» **AVAILABLE RECORDS**

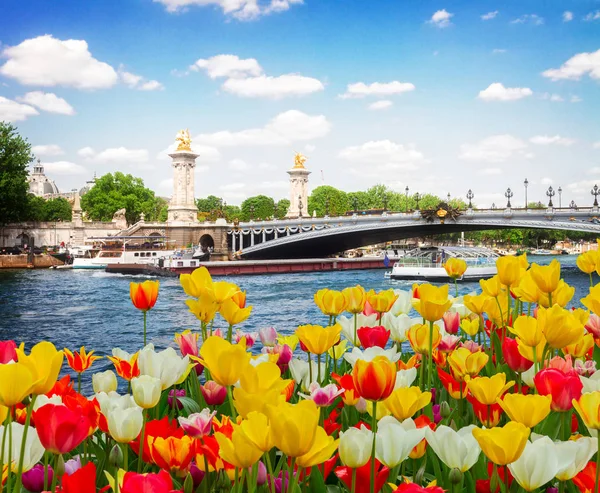 Köprü alexandre III de paris, Fransa — Stok fotoğraf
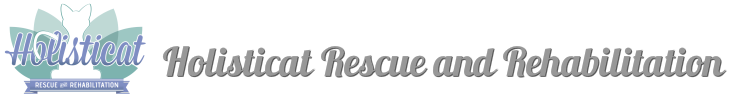 Holisticat Rescue And Rehabilitation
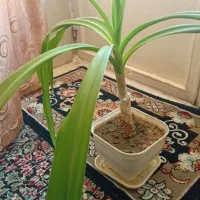 گل برگ موزی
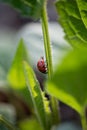 Ladybug crawling on a stem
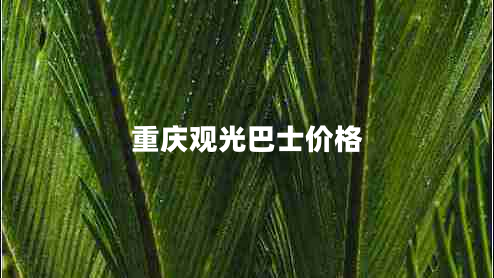 重慶觀光巴士價格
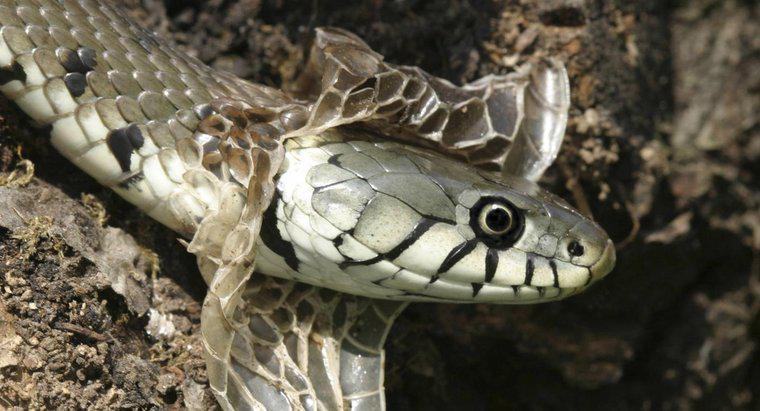 Cât de des se varsă șerpii?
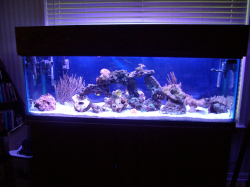100 gallon again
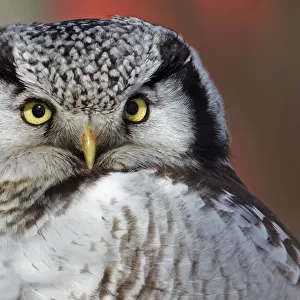 Portrait of a Hawk Owl (Surnia ulula). Uto, Finland, March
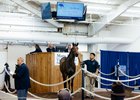 Texas Thoroughbred Association, Texas 2-Year-Olds in Training Sale, Hip 59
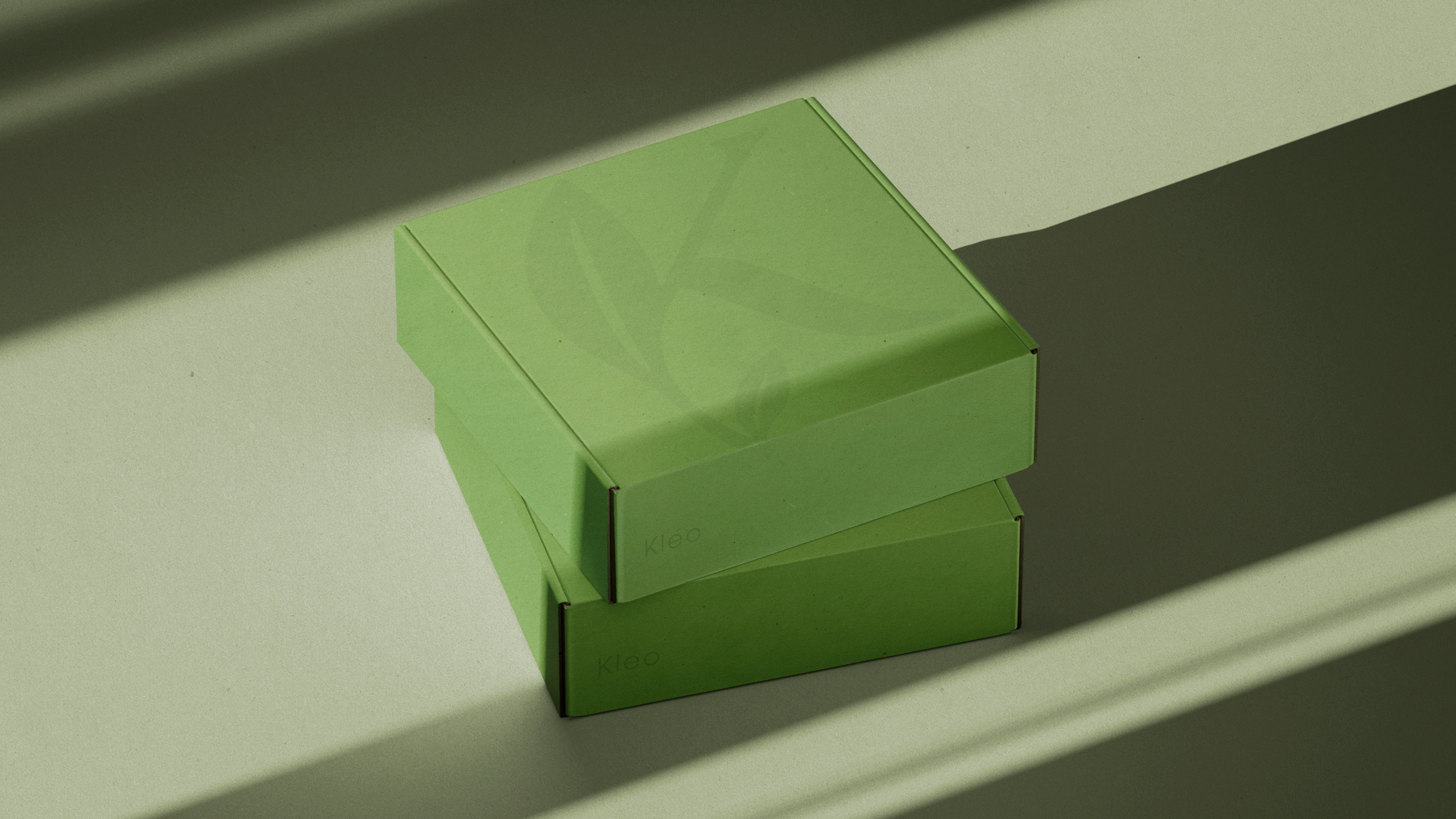 Branded mailbox design for Kleo — subtle yet sophisticated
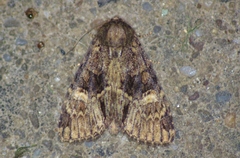 Phosphila turbulenta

» **THE TASK**
The copy must include every record exactly and none of the pictures.

» **SOLUTION TO THE EXERCISE**
 Köprü alexandre III de paris, Fransa — Stok fotoğraf
 Holisticat Rescue And Rehabilitation
 گل برگ موزی
 Ladybug crawling on a stem
 重慶觀光巴士價格
 Cât de des se varsă șerpii?
100 gallon again
 Portrait of a Hawk Owl (Surnia ulula). Uto, Finland, March
 Texas Thoroughbred Association, Texas 2-Year-Olds in Training Sale, Hip 59
 Branded mailbox design for Kleo — subtle yet sophisticated
 Phosphila turbulenta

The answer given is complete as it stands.